### Exercise
Take the lines below from the one with "Kristall vase vergoldetem" through the one with "Purificator Aer Beko ATP8100" and retype them exactly. Include nothing else, and no pictures.

[Saved data entries]
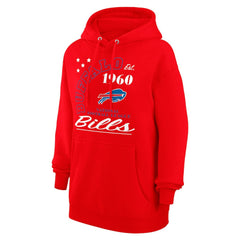 Buffalo Bills Starter Unisex Arch Team Fleece Pullover Hoodie - Red Hoodies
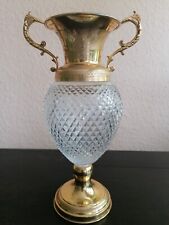 Kristall vase vergoldetem gebraucht kaufen  Furth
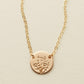 Made by Mary Gold Filled Wild Blooms Mini Zola Disc Necklace - 18"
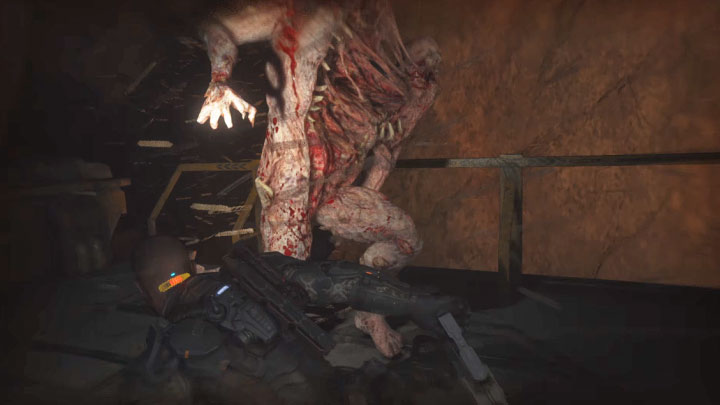 The most important thing is to dodge Two-head's melee attacks flawlessly - you need to have the stick tilted to the left or right - Callisto Protocol: How to defeat the Two-head boss? - FAQ - The Callisto Protocol Guide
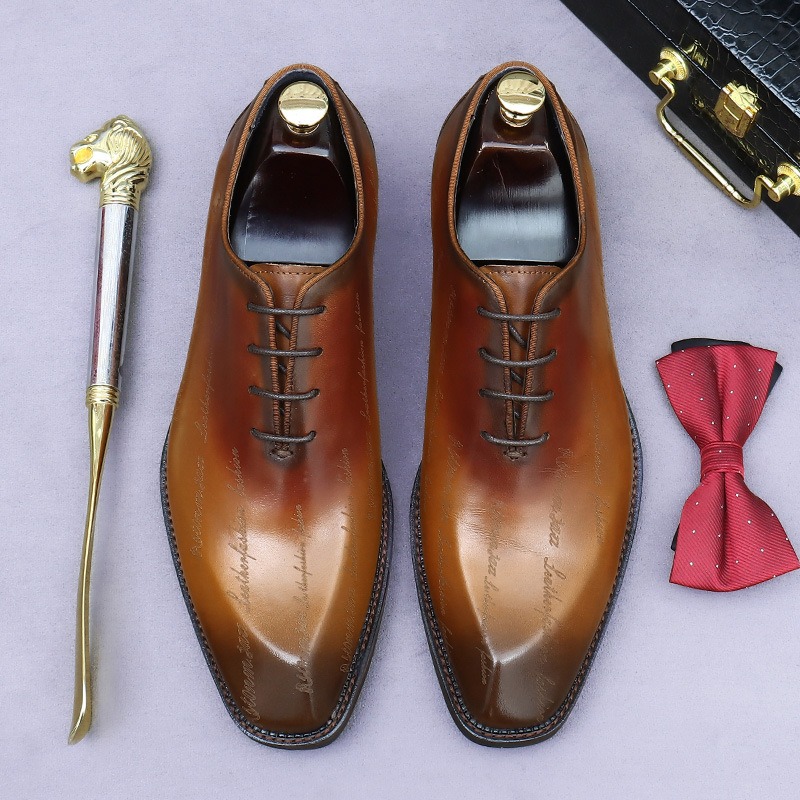 ผู้ชายรองเท้าหนังแท้ Oxford ให - High End Men'S Formal Wear บทวิจารณ์และราคา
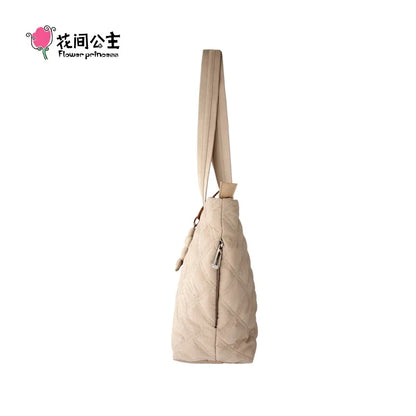 Flower Princess Women's Bag New 2024 Trend Fashion Designer Brand Shoulder Tote Handbag Quilted Female Big Large Bags for Women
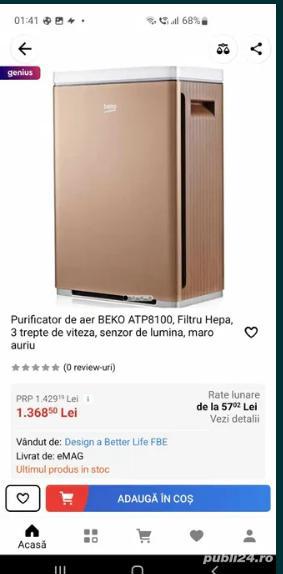 Purificator Aer Beko ATP8100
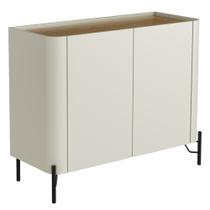 Buffet Para Sala de Jantar 2 Portas 1 Gaveta Pés Industrial Preto Naim I03 Luna Louro - Lyam Buffet Para Sala de Jantar 2 Portas 1 Gaveta Pés Industrial Preto Naim I03 Luna Louro - Lyam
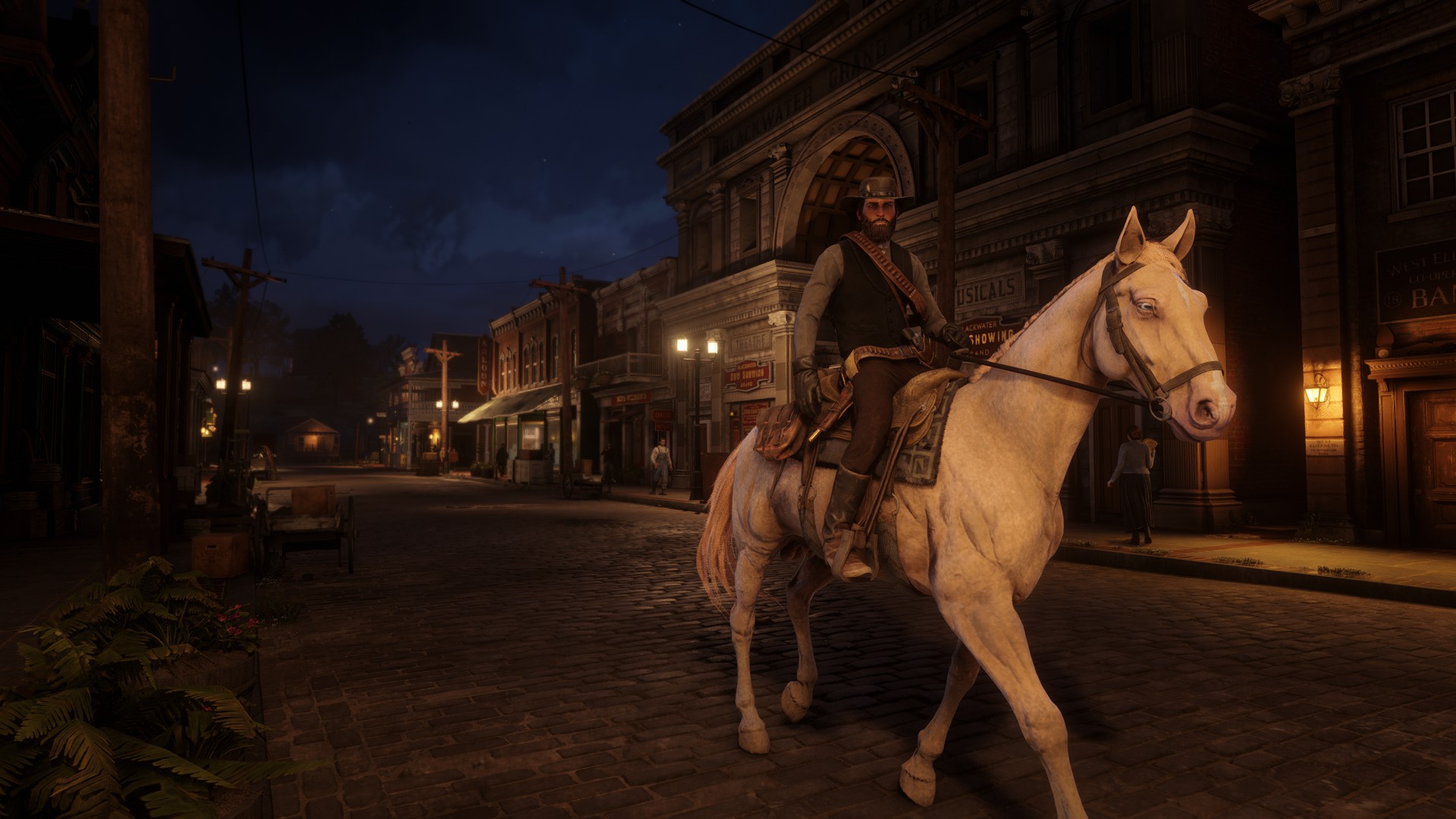 Red Dead Redemption 2 Night Horse Cowboy Historic 1920x1080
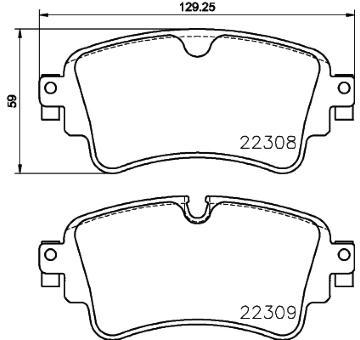 Sada brzdových destiček, kotoučová brzda BREMBO P85154NX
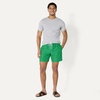 image:imageAmazon Essentials Mens Swim Trunks with Mesh Lining Pockets Drawstring ClosureDark Green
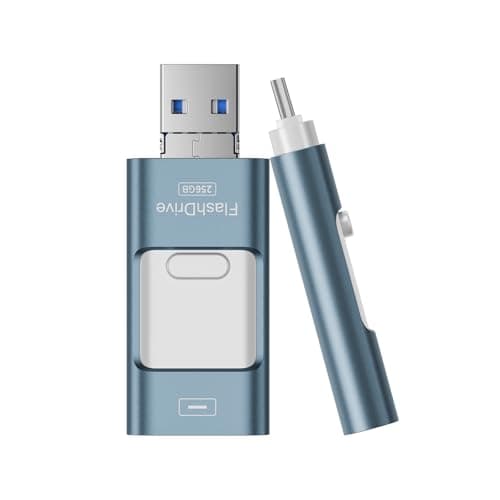 Zarmst USB-C 4-in-1 Flash Drive 256GB Blue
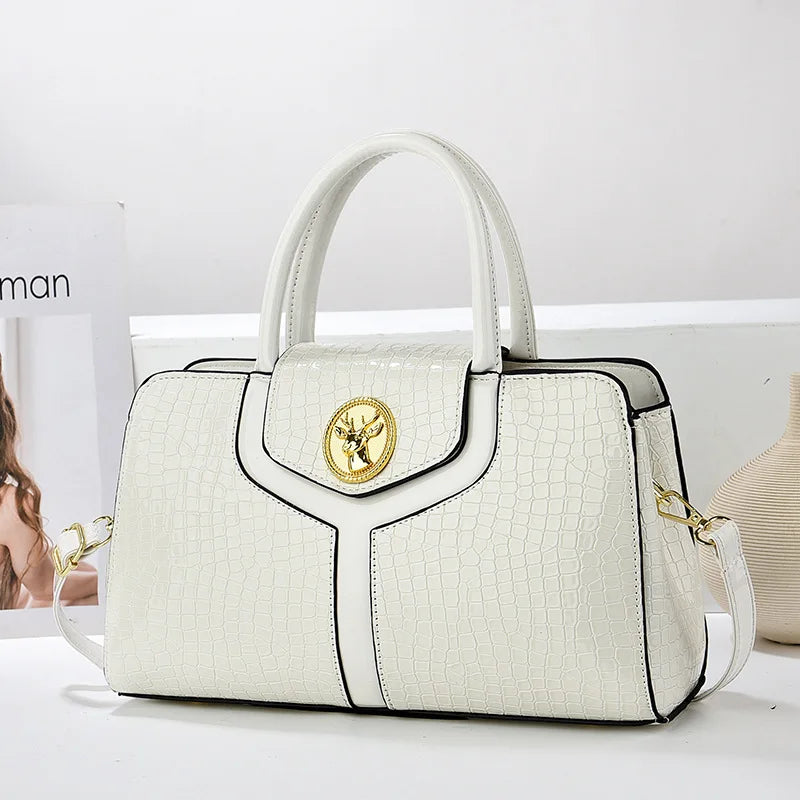 New Style Ladies Bag | Leather Luxury Handbags & Solid Color Shoulder Messenger Bags Luxegan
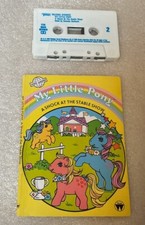 My Little Pony G1 MLP Original Book Shock at the Stable Show 1985 & Tape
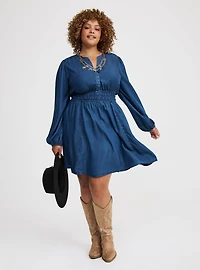 Chambray Mini Dress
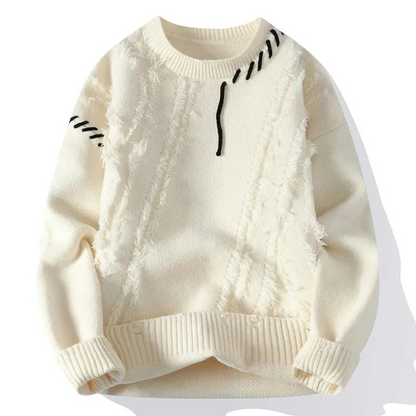 Men's Casual Sweater | Ribbed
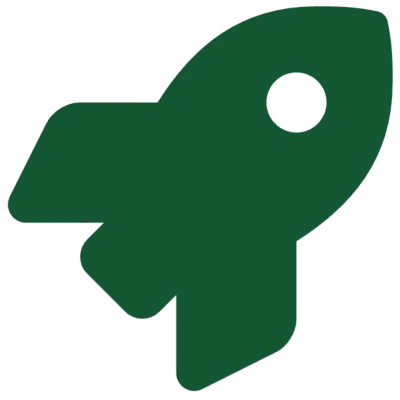 Green rocket icon to signify Time Travellers Guide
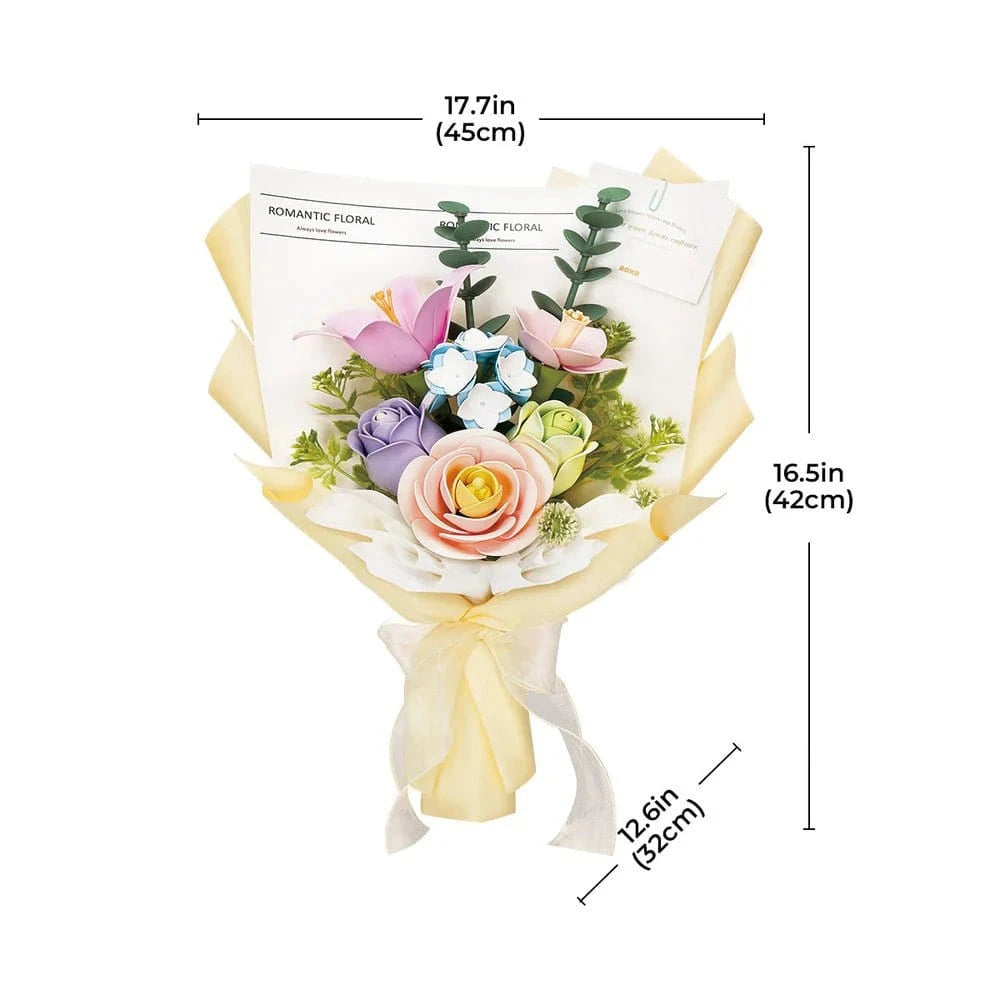 ROKR Flower Bouquet Spring Time - 3D Plastic Kit [AF01J] - Hobbytech Toys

### Task result
 Kristall vase vergoldetem gebraucht kaufen  Furth
 Made by Mary Gold Filled Wild Blooms Mini Zola Disc Necklace - 18"
 The most important thing is to dodge Two-head's melee attacks flawlessly - you need to have the stick tilted to the left or right - Callisto Protocol: How to defeat the Two-head boss? - FAQ - The Callisto Protocol Guide
 ผู้ชายรองเท้าหนังแท้ Oxford ให - High End Men'S Formal Wear บทวิจารณ์และราคา
 Flower Princess Women's Bag New 2024 Trend Fashion Designer Brand Shoulder Tote Handbag Quilted Female Big Large Bags for Women
 Purificator Aer Beko ATP8100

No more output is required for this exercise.